Diventa così più facile spiegare che i sedici titoli in programma a NID Platform rappresentavano un campione ampio, quasi esaustivo, delle diverse maniere in cui si crea danza contemporanea nel nostro Paese. E se contemporaneo significa odierno, è naturale che – oggi – ci siano artisti con lo sguardo rivolto al passato e artisti che lo puntano sul futuro. È l’incessante gioco di forze tra tradizione e innovazione: il solo che garantisce vita ai processi culturali, tanto più a quelli che si svolgono dal vivo, com’è questo. Il solo che possa tener conto dei diversi interessi dei diversi pubblici, che formano l’audience della danza.

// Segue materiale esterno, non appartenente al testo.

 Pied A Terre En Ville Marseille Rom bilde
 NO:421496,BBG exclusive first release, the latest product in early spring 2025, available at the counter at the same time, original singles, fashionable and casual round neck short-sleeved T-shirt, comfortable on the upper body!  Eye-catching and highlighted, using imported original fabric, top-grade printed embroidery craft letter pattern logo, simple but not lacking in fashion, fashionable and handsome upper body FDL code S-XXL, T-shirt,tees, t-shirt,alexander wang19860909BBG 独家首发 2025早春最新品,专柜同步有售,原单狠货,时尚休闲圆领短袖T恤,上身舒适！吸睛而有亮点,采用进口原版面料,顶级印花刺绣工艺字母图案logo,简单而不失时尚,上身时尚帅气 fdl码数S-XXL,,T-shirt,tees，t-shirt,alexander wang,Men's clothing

Detto ciò, e premesso che il mio occhio e la mia inclinazione guardano più volentieri ai fenomeni di innovazione che non alla tradizione, metterò di seguito in fila quei tre-quattro spettacoli che mi sono sembrati incarnare meglio una tendenza, sulla quale da un po’ di tempo vado riflettendo.

 

Una danza post-coreografica?

In una delle due tavole tematiche ho provato anch’io a portare un contributo di riflessione che si potrebbe qui tradurre così: se nel teatro contemporaneo si è andata via via affermando una modalità post-drammatica (detta in maniera diversa: una fuga dai modelli con cui si è creato teatro negli ultimi tre secoli) possiamo anche supporre che esista, oggi nella danza, una modalità post-coroegrafica? voglio dire un modello di creazione in cui la componente coreografica non sia totalizzante, come lo è stata per buona parte del Novecento. Forse così, la domanda è un po’ troppo schematica, ma spero, che almeno ad intuito, qualcuno mi capisca.

 

Sopratutto penso che questa impressione sia rimbalzata vivace nella testa di chi, a Gorizia, ha visto le produzioni recenti firmate da Francesca Pennini, Alessandro Sciarroni, Silvia Gribaudi, Igor e Moreno. Quelle che più hanno suscitato negli spettatori intorno a me il dubbio: “si può ancora parlare di coreografia?”

Io mi domando invece: è davvero protagonista la coreografia se un computer e una sua applicazione video (in At Home Alone di Sciarroni, qui sotto), se una performer simpatica e oversize (nella creazione di Gribaudi, qui sopra), se un macchina da caffè espresso (in quella di Igor e Moreno) rubano la scena a quell’idea di danza che per un intero secolo si è concentrata sulle architetture mobili e sulle dinamiche del corpo?

 

Dovete essere davvero interessati, e disposti a una bella fatica, per arrivare a leggere fino a questo punto. Tanto più che adesso il post si è fatto troppo lungo per cominciare ad osservare assieme, più da vicino questi quattro titoli. Andate a rivedere intanto, se vi fa piacere, i video e i teaser che avete incontrato più sopra. E ne riparliamo con calma tra qualche giorno, al prossimo post.